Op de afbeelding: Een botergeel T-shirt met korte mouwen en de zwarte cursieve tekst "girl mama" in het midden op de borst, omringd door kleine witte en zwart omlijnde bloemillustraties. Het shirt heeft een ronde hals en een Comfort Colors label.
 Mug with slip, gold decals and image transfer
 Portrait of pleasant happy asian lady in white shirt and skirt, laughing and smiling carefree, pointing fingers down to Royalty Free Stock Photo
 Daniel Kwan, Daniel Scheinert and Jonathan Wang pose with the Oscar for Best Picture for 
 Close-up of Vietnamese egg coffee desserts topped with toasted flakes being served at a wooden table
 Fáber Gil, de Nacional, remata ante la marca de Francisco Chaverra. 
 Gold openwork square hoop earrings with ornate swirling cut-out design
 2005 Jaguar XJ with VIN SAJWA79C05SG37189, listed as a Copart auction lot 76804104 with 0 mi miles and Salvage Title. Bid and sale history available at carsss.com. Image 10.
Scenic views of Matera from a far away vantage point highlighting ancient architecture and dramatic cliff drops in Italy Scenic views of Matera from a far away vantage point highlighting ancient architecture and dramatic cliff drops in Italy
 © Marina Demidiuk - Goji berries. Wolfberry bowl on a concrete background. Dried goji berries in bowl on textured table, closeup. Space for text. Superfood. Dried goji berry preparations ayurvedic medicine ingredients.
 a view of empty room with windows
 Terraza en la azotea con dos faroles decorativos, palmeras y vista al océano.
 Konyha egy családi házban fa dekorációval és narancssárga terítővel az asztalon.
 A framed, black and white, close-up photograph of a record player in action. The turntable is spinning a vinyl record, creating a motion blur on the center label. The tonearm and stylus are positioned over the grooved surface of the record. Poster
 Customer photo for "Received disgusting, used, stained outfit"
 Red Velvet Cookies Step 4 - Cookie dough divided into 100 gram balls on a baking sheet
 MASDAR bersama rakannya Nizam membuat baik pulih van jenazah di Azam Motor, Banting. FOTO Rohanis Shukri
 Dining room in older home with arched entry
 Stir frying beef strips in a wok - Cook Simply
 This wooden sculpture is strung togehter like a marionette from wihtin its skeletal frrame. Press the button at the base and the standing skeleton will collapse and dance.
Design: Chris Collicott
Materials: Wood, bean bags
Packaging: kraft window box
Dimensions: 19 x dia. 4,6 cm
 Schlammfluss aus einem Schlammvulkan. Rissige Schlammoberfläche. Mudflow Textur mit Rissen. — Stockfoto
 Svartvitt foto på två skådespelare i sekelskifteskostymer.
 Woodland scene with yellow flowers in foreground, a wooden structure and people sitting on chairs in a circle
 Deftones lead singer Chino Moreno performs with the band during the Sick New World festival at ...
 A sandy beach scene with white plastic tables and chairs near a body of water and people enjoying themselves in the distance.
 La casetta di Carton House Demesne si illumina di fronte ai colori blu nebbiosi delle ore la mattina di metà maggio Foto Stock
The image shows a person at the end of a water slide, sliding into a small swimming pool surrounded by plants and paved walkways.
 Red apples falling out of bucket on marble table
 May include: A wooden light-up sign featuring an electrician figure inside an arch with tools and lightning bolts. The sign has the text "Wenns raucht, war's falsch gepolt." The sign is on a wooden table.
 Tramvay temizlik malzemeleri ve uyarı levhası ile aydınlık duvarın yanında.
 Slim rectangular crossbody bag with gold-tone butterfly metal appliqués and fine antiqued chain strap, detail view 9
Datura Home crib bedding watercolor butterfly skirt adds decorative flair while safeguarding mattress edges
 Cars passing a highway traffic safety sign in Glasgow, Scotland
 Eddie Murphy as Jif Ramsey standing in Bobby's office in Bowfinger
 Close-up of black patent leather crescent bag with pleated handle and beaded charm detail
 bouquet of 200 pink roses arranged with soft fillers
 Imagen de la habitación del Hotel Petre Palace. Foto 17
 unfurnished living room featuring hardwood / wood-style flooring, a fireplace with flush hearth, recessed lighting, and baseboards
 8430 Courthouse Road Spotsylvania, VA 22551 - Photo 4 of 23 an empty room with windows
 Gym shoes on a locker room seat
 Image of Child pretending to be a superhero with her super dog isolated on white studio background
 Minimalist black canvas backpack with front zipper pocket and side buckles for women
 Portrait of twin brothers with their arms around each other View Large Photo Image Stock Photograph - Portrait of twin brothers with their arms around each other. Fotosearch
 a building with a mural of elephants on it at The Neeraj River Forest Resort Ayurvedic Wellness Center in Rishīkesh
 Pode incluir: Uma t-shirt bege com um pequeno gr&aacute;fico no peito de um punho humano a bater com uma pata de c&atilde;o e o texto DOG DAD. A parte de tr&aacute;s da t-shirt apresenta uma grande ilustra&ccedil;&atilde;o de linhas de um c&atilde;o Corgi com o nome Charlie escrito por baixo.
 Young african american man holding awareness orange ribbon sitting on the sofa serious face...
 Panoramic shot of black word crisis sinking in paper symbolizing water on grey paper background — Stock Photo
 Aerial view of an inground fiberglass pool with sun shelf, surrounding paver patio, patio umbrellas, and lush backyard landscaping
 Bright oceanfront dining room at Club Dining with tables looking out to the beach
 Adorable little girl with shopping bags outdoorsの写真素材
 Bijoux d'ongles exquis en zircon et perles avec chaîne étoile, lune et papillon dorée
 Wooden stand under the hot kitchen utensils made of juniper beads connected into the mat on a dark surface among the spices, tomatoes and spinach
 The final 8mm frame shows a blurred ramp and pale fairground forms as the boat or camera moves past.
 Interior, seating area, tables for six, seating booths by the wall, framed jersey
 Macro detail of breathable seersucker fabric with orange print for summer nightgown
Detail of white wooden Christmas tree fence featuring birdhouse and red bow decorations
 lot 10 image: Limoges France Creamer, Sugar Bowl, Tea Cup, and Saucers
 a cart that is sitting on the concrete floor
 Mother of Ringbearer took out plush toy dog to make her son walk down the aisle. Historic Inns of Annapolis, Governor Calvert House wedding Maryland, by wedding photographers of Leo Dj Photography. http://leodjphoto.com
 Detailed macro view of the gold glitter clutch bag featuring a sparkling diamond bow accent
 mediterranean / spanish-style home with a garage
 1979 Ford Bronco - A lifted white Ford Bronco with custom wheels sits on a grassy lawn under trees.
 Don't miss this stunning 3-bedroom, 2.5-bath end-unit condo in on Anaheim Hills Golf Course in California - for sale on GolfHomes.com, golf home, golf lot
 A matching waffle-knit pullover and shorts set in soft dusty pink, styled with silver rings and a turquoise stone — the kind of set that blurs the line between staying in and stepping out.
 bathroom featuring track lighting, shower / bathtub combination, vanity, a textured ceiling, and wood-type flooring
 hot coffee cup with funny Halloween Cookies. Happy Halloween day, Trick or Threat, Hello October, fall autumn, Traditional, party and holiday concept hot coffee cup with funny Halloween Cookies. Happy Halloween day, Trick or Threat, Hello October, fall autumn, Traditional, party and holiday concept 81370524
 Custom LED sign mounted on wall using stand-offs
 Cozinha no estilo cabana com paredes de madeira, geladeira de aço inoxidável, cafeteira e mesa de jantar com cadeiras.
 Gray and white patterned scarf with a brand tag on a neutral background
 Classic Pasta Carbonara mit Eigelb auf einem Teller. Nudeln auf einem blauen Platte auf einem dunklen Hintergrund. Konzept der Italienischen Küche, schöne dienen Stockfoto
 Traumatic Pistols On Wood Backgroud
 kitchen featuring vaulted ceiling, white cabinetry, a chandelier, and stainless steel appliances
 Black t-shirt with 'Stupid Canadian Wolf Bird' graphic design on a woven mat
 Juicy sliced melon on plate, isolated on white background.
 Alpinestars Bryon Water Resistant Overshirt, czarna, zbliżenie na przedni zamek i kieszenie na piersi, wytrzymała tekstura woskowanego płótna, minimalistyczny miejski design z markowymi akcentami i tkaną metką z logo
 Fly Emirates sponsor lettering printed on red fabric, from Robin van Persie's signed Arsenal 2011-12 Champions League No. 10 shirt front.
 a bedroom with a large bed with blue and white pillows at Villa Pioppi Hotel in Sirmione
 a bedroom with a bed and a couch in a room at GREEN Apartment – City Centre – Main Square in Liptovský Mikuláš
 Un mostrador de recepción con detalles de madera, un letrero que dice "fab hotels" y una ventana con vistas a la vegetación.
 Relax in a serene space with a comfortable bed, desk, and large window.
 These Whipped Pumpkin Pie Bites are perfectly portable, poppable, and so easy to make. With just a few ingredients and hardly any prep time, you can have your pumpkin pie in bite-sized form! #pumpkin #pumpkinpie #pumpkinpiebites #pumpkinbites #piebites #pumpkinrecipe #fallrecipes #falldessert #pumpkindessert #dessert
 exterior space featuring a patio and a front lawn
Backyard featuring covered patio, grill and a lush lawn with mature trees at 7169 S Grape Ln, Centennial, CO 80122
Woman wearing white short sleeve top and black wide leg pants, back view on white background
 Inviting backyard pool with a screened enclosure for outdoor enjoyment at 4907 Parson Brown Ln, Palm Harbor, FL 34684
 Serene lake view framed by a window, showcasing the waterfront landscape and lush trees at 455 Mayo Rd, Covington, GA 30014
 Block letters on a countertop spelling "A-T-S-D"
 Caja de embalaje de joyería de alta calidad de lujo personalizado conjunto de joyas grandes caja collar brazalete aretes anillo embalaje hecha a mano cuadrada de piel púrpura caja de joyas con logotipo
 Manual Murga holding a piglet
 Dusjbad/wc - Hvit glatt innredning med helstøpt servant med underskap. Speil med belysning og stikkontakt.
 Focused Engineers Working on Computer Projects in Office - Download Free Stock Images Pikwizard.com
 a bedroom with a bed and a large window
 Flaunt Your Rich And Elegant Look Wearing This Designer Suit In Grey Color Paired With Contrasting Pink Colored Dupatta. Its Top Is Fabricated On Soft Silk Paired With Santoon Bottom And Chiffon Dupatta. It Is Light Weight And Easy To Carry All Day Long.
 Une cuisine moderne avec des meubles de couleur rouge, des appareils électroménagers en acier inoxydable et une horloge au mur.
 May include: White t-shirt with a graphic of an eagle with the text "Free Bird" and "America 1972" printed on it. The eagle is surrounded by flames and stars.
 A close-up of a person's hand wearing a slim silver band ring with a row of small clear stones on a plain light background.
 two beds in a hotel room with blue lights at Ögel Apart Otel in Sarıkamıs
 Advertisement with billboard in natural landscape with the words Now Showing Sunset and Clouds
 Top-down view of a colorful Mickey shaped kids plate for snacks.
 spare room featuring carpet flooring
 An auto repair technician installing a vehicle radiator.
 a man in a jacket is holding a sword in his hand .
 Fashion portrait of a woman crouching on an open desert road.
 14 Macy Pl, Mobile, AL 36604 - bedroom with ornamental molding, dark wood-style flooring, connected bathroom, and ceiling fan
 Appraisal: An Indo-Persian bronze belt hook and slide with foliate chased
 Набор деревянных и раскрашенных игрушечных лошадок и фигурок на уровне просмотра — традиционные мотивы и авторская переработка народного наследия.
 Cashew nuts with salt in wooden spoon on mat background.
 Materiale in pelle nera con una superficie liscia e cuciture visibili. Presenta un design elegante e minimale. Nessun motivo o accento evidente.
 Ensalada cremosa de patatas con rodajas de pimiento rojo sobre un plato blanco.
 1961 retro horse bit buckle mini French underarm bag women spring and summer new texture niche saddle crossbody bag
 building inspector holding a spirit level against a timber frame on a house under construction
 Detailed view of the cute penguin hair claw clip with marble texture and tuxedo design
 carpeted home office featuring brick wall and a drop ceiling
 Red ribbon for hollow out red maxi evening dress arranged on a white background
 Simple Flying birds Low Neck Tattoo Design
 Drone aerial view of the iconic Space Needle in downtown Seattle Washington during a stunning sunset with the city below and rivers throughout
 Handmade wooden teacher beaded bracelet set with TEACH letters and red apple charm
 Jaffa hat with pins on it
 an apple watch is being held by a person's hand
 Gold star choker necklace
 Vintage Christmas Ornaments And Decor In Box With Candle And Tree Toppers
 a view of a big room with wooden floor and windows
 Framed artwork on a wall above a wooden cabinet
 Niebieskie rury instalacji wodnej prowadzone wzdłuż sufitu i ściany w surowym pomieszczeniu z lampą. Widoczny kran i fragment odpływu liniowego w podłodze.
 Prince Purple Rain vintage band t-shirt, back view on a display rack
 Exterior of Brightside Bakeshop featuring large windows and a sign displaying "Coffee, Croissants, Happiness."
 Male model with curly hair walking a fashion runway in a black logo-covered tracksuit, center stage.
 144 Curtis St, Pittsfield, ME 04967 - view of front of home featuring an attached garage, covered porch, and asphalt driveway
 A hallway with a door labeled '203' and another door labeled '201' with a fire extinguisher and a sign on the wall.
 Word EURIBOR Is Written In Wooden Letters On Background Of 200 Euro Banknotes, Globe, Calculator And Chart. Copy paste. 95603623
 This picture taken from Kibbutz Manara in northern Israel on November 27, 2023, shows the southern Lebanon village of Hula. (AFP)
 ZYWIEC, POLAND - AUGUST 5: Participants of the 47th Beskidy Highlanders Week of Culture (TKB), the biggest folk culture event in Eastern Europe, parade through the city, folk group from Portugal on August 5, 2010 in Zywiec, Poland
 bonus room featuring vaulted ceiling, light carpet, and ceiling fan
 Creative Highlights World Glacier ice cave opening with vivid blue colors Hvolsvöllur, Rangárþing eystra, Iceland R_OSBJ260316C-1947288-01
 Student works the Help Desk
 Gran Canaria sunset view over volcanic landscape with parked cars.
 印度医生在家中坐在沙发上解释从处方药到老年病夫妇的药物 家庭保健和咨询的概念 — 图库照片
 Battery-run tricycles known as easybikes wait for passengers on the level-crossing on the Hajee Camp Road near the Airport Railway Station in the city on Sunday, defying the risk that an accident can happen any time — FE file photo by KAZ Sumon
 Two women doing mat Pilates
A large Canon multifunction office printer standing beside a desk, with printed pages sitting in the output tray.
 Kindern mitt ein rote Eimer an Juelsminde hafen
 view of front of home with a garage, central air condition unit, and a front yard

- **HOW TO COMPLETE THIS TASK**
Find how many lines in the entries above use the word "ribbon". Write the number alone.

- **RESULT OF THIS EXERCISE**
2